Will the stock fare better in the next five years?

In 2017, Johnson & Johnson generated $76.5 billion in revenue, earning a pre-tax profit of $17.7 billion on that, which is 23% of the top line. This past year, it reported $93.8 billion in sales and before-tax income was $22.8 billion, at a slightly higher margin of 24%.

Moving forward, the company is spinning off its consumer health business to not only become leaner and more efficient but also to rid itself of the lawsuits it has been facing related to its talc-based baby powder. Last year, it also faced problems with certain Neutrogena and Aveeno sunscreen products, issuing a voluntary recall of them because low levels of benzene were found in the products. 
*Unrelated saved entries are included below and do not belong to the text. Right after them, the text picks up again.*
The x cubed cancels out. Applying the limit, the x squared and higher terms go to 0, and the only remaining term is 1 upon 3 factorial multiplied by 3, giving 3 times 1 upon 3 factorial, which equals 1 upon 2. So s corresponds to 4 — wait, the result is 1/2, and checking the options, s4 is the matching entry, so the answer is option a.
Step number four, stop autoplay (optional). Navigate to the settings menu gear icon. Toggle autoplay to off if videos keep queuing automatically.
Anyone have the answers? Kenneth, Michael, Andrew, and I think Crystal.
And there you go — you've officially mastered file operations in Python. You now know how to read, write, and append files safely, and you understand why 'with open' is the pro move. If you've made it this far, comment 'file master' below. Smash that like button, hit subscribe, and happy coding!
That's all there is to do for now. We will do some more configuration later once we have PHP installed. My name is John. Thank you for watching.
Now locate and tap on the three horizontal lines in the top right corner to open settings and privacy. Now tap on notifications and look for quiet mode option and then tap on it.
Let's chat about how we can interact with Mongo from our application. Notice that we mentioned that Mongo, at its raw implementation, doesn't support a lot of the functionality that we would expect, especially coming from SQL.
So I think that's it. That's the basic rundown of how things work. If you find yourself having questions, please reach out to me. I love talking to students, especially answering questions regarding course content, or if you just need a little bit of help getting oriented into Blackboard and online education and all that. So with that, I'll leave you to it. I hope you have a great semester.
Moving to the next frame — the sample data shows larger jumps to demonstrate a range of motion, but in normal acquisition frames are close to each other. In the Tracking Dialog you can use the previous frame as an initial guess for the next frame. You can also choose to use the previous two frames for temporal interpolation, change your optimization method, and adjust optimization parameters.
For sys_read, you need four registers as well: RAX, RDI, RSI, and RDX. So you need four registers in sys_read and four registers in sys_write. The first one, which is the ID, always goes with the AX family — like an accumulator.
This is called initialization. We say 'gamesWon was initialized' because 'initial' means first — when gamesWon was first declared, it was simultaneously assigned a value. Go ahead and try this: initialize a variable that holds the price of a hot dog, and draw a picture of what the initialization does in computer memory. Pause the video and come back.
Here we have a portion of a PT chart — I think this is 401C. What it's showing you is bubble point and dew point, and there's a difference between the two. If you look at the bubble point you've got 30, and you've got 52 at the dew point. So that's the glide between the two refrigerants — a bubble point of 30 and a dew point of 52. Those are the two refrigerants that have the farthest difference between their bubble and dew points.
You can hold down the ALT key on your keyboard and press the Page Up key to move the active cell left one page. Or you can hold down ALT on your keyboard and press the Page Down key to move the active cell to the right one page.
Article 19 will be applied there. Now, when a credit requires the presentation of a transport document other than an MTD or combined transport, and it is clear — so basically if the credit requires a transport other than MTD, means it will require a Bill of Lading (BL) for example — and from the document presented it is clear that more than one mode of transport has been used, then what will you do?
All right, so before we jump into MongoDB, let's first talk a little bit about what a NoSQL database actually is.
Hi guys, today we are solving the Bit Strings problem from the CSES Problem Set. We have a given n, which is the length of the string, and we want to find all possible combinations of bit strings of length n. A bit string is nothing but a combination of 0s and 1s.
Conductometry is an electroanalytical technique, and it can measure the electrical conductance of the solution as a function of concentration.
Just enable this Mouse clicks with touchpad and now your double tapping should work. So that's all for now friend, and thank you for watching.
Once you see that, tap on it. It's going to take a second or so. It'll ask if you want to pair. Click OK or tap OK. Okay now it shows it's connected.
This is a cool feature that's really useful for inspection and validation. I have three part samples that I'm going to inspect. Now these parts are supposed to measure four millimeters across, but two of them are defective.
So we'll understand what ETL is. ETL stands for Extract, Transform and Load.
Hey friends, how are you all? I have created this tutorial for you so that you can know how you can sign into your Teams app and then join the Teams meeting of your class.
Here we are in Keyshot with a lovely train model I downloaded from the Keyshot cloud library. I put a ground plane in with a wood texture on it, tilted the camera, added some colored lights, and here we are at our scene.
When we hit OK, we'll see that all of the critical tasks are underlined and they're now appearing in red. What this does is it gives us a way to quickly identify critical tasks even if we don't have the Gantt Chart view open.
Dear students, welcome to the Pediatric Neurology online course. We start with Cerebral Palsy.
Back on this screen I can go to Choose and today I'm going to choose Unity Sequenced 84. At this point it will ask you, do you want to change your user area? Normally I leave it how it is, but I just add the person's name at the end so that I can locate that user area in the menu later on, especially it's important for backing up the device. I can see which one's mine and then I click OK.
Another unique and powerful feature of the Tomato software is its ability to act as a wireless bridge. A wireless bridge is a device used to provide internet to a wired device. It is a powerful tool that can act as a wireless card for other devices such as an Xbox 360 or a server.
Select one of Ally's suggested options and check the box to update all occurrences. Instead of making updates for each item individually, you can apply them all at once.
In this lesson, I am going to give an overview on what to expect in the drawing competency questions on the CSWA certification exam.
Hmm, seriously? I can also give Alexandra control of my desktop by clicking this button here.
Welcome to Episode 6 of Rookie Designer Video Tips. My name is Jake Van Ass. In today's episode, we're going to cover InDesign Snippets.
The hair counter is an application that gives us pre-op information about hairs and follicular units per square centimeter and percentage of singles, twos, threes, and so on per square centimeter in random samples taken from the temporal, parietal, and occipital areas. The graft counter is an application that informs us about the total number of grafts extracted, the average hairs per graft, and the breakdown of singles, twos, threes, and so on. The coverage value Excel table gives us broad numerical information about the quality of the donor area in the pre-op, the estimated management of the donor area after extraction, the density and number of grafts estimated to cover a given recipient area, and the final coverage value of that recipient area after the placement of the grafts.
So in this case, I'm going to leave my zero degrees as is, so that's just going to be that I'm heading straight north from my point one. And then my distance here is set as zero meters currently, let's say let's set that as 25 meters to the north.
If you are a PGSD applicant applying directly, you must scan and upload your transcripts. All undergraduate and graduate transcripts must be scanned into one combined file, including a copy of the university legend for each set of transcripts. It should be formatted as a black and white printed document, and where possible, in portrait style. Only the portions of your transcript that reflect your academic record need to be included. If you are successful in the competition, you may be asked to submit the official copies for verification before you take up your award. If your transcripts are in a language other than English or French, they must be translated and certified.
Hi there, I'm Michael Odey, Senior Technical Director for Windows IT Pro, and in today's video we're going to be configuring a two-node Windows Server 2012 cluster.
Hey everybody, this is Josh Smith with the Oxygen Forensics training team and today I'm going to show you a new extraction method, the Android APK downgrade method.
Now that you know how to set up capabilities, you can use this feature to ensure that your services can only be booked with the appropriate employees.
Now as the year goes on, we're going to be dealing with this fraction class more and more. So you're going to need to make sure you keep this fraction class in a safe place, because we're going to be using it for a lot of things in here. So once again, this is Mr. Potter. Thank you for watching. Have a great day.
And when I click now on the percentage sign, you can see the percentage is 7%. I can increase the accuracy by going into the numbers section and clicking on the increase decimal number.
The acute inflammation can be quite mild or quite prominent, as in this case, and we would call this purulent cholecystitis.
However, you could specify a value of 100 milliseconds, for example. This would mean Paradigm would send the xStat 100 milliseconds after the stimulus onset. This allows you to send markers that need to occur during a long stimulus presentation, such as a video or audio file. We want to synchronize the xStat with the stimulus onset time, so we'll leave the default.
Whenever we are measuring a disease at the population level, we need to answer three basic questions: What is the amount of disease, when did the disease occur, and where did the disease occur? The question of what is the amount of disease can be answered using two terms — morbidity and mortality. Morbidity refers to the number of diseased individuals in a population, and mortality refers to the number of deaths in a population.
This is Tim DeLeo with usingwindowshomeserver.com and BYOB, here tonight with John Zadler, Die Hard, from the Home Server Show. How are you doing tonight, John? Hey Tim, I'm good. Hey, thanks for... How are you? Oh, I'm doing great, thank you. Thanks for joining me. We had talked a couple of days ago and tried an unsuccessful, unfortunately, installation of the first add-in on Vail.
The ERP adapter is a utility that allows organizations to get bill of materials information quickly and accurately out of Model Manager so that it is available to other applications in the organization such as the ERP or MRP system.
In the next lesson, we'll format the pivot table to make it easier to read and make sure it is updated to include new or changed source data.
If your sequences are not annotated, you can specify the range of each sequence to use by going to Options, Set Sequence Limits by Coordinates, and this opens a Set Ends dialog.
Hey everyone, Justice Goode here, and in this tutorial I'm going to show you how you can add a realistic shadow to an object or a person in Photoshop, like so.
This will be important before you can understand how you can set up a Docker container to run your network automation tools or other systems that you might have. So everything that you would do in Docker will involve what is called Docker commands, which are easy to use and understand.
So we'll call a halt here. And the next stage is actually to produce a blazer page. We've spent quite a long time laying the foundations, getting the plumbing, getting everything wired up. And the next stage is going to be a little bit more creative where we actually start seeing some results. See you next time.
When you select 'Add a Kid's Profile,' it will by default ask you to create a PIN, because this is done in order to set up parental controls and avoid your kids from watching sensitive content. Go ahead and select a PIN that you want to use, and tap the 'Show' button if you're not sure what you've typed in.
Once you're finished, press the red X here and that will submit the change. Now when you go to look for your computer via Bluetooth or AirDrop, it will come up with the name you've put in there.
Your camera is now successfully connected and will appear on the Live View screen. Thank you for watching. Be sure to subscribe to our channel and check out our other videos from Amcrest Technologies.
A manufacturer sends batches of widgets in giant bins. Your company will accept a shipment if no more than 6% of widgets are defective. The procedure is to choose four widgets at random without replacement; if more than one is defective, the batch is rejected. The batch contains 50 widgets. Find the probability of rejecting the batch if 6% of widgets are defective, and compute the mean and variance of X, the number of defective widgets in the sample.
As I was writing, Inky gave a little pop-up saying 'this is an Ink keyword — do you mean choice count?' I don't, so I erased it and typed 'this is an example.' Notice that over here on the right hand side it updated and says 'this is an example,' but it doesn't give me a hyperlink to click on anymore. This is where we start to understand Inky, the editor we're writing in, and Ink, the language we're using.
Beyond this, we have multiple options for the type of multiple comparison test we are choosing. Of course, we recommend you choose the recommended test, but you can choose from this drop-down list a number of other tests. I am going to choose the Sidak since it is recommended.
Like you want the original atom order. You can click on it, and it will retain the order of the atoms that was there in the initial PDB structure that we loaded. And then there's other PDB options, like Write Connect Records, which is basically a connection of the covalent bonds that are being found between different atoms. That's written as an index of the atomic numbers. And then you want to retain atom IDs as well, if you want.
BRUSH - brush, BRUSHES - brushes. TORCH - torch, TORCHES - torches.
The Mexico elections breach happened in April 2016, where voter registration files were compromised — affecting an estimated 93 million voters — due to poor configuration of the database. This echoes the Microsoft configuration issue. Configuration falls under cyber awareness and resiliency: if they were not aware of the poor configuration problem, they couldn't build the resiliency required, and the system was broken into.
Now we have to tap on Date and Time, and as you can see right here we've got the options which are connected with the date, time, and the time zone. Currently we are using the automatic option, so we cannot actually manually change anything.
In the near term, the company's financials should decline due to the spinoff; in 2021, the consumer health segment brought in $14.6 billion in sales. However, it's also been a slow-growing segment. In 2017, its sales totaled $13.6 billion, growing less than 8% since then. While this will put a small dent in the company's financials, it will make Johnson & Johnson a faster-growing company by ridding itself of a sluggish division. At the same time, it will allow the business to focus more on pharmaceuticals, which make up the bulk of revenue (55%). Medical device revenue also plays a big role in the company's business, but like consumer health, it hasn't generated much growth over the years.

Should you buy Johnson & Johnson stock today?

If you value a strong dividend and recurring payment, Johnson & Johnson is a stock that could do well for you. Its 2.8% yield is higher than the 1.5% that the S&P 500 averages. Plus, Johnson & Johnson has increased its payouts by 35% in five years. Its strong track record as a Dividend King suggests that the dividend will continue to rise in the future as well; Johnson & Johnson's payout ratio is a manageable 63% of profits.

But if you also want a good growth stock to invest in, you will be better off going with other stocks. Johnson & Johnson has proven to be a safe stock but there hasn't been much in the way of long-term growth. Perhaps by pivoting more toward pharmaceuticals that will change, but it will take time to see how that strategy plays out. For now, this isn't a stock that as a growth investor I would invest in.